According to the man page of fwrite
:
fread()
andfwrite()
return the number of items successfully read or written (i.e., not the number of characters). If an error occurs, or the end-of-file is reached, the return value is a short item count (or zero).
I'm wondering if it possible for fwrite(ptr, 65537, 1, fp)
to write only 512 bytes and yet return zero?
I tried to get a quick source trace to glibc-2.12.2 source code.
malloc/malloc.c:#define fwrite(buf, size, count, fp) _IO_fwrite (buf, size, count, fp)

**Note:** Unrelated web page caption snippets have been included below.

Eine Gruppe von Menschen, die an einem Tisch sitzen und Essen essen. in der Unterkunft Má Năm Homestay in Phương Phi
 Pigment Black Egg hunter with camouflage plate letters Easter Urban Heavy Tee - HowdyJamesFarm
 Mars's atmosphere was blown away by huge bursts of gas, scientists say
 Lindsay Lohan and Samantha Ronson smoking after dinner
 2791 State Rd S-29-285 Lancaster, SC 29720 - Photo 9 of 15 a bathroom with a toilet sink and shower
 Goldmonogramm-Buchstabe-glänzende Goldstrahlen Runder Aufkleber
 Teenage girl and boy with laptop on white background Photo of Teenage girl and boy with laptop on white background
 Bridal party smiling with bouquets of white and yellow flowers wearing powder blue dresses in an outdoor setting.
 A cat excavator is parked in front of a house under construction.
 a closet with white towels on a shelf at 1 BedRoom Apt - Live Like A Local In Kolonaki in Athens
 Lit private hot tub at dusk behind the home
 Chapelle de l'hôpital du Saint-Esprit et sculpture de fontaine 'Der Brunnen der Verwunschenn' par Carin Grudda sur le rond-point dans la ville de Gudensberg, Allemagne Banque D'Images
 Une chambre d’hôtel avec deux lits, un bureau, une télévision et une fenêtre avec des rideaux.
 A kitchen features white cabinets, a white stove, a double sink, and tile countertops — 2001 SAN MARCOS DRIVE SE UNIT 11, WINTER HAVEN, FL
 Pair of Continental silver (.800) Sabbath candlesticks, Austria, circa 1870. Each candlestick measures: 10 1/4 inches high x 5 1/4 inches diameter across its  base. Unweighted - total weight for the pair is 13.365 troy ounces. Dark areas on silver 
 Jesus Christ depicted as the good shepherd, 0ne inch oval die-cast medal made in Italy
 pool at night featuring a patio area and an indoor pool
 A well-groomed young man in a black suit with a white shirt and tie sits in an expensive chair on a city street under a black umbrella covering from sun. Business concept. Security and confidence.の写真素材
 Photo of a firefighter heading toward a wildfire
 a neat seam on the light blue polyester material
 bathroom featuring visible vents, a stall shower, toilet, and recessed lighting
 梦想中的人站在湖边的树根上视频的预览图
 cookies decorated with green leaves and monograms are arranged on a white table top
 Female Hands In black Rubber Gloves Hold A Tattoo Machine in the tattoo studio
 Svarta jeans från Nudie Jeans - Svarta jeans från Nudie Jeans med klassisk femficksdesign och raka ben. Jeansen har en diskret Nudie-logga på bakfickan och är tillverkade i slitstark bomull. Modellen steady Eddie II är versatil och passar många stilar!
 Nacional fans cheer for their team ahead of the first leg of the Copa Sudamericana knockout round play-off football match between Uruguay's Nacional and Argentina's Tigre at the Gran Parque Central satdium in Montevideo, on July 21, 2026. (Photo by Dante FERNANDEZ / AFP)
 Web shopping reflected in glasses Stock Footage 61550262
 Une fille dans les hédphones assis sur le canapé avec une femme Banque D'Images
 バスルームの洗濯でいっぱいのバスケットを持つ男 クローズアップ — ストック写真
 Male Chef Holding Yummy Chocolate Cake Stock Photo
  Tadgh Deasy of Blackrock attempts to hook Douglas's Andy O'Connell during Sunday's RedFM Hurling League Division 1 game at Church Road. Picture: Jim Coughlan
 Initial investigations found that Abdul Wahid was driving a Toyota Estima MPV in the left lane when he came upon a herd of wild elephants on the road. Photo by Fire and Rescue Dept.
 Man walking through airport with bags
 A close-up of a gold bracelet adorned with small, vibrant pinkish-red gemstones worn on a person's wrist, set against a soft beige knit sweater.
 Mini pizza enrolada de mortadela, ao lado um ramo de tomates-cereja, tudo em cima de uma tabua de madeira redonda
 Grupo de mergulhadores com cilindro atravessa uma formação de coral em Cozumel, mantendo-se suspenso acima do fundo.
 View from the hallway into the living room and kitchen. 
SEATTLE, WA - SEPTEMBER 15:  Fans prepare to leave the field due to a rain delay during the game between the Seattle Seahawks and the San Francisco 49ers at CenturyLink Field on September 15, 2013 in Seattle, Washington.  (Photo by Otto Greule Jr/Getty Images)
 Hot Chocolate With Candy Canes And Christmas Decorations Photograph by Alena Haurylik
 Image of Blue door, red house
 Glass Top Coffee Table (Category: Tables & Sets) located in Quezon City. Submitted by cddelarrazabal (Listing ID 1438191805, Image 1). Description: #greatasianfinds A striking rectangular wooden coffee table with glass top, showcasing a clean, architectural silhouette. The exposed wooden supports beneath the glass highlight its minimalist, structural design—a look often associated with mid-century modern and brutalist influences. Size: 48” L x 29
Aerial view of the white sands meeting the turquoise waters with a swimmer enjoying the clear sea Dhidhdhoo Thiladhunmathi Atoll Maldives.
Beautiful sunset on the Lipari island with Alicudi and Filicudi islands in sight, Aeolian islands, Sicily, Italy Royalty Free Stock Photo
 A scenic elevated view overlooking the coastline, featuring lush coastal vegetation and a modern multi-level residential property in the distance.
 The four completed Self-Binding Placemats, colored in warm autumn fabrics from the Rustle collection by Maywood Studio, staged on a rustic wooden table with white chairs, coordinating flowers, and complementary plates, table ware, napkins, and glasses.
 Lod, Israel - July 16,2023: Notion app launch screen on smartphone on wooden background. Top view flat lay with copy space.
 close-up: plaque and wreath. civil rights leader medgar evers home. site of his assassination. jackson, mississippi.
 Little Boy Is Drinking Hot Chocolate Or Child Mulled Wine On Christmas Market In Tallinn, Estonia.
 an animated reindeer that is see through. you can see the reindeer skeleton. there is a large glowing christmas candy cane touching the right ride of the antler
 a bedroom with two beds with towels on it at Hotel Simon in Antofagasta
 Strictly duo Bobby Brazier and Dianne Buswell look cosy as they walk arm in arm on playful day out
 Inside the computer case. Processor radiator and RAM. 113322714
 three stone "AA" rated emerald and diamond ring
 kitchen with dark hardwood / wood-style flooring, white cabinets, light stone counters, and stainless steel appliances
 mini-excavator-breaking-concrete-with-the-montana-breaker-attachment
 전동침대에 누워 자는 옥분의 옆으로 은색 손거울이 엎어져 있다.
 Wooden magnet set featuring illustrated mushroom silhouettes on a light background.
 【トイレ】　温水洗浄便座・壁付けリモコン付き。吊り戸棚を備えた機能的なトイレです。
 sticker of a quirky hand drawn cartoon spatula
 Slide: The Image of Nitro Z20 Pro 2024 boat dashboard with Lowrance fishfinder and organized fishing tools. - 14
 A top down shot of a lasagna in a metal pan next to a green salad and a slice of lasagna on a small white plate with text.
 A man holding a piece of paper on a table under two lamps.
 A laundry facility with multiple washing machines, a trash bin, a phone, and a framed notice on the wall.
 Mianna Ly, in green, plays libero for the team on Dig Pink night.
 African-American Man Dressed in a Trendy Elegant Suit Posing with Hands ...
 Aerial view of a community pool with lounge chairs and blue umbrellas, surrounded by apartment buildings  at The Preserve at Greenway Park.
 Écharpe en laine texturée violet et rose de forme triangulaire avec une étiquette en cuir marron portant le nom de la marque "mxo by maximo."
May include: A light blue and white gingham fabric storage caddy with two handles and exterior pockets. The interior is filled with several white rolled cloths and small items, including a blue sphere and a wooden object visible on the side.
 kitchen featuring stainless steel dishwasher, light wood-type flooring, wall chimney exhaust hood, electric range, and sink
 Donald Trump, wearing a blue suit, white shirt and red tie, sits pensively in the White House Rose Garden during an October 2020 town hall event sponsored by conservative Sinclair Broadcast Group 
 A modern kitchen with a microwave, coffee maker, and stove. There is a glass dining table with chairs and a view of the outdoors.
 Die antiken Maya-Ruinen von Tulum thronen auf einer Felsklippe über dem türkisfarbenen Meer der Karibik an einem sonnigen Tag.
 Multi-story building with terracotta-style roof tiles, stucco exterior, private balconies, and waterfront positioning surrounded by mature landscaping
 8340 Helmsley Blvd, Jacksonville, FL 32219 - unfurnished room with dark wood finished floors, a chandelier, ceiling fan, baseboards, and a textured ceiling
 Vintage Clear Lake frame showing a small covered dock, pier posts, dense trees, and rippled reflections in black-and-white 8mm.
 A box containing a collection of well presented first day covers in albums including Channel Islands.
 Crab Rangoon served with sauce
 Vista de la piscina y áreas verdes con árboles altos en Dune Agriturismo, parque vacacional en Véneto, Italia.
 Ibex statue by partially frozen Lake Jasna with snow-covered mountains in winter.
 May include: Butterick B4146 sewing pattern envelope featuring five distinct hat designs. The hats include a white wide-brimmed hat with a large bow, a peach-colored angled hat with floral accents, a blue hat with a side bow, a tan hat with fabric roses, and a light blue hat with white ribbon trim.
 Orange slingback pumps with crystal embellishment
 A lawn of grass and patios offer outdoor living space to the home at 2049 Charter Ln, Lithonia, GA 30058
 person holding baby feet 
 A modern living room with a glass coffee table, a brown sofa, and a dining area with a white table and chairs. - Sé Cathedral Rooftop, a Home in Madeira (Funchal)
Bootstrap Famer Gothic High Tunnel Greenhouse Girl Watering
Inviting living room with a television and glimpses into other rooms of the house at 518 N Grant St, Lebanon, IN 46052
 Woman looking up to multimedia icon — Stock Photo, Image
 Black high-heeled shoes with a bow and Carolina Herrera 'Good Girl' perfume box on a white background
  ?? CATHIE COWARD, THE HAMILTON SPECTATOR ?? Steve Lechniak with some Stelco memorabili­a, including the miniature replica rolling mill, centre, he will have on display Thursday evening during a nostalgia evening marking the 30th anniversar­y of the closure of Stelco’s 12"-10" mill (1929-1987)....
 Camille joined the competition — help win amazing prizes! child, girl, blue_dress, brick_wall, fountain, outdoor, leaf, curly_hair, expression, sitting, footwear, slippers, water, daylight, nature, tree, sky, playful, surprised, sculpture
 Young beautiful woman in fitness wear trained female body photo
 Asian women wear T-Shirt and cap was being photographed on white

I guess the real implementation is in the iofwrite.c.
_IO_size_t
_IO_fwrite (buf, size, count, fp)
const void *buf;
_IO_size_t size;
_IO_size_t count;
_IO_FILE *fp;
{
_IO_size_t request = size * count;
_IO_size_t written = 0;
CHECK_FILE (fp, 0);
if (request == 0)
return 0;
_IO_acquire_lock (fp);
if (_IO_vtable_offset (fp) != 0 || _IO_fwide (fp, -1) == -1)
written = _IO_sputn (fp, (const char *) buf, request);
_IO_release_lock (fp);
/* We have written all of the input in case the return value indicates
this or EOF is returned. The latter is a special case where we
simply did not manage to flush the buffer. But the data is in the
buffer and therefore written as far as fwrite is concerned. */
if (written == request || written == EOF)
return count;
else
return written / size;
}
So, I guess it is possible return 0 in the return code of fwrite even if it has really written some bytes into the file.
Yes — it is possible for fwrite(ptr, 65537, 1, fp)
to return 0 as the return code even if it really wrote some bytes into the file.
For example, if there is only space left on the disk for 512 bytes, then you have a short write, but it wrote 0 complete units of 65537 bytes (that's a curious number; usually it would be 65536, wouldn't it?), so the return value must be 0.
If you want to know how much was really written, you should use:
nbytes = fwrite(ptr, 1, 65537, fp);
to get the exact byte count; now you'd get 512 back from your hypothetical short write.